Your answer is the lines below, exactly, from the one that contains "1776 S Lawson" through the one that contains "Cheesecake rolls for", both included.

# The data:
* * * * * * *

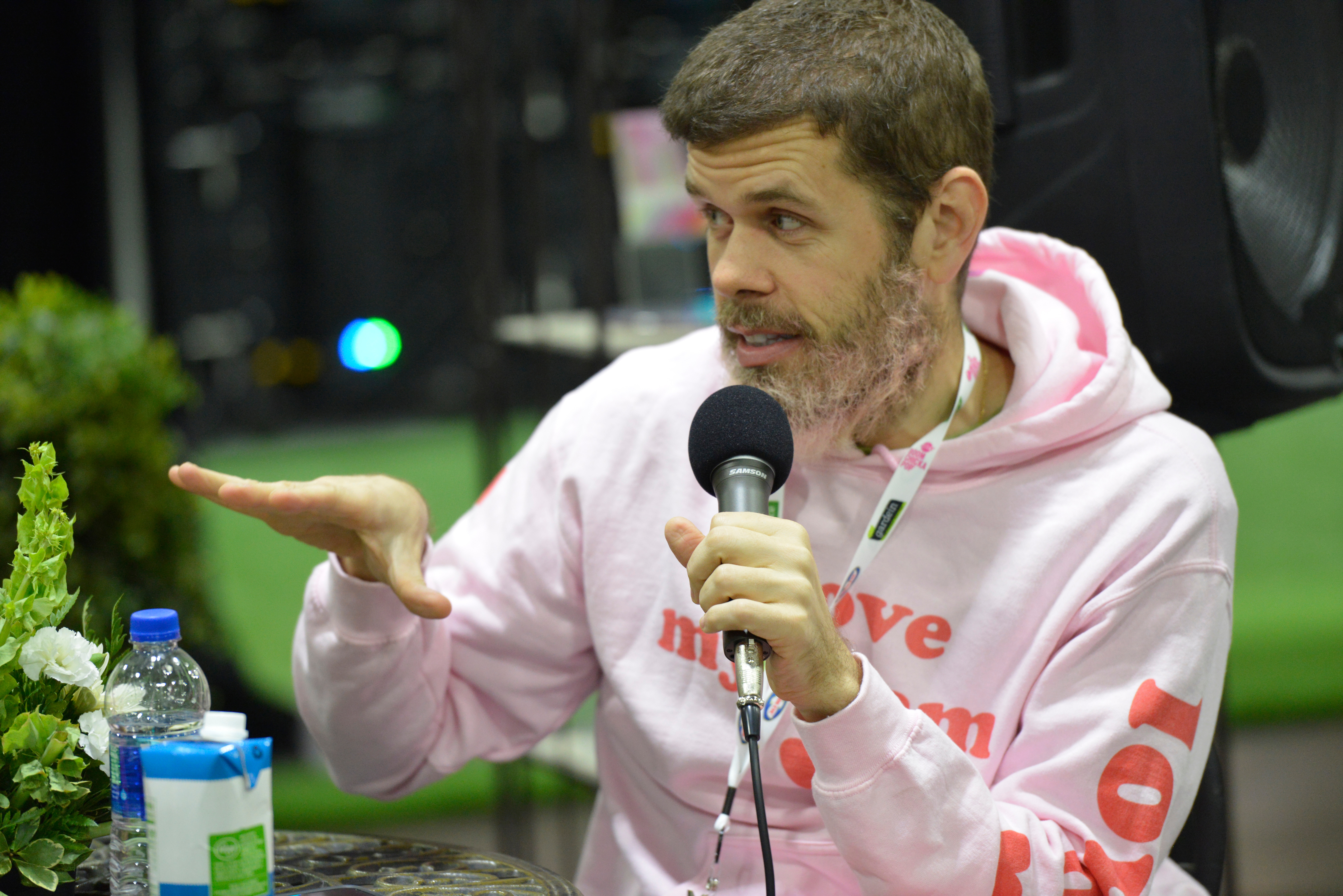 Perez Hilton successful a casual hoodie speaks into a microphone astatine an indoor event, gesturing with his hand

* * * * * * *

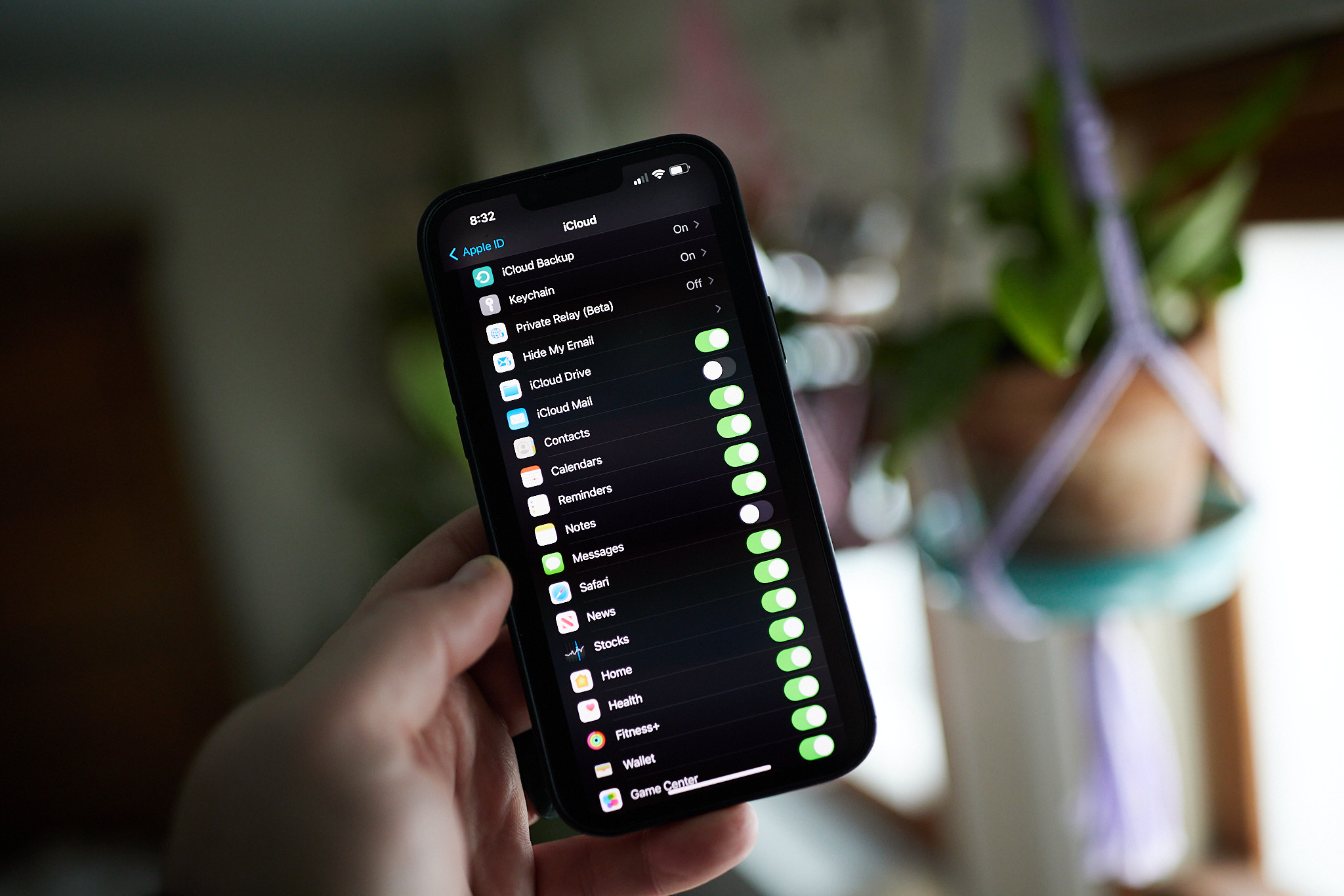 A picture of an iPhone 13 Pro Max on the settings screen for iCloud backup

* * * * * * *

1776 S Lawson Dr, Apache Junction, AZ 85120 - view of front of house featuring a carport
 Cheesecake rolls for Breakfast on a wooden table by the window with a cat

* * * * * * *

# Answer:
1776 S Lawson Dr, Apache Junction, AZ 85120 - view of front of house featuring a carport
 Cheesecake rolls for Breakfast on a wooden table by the window with a cat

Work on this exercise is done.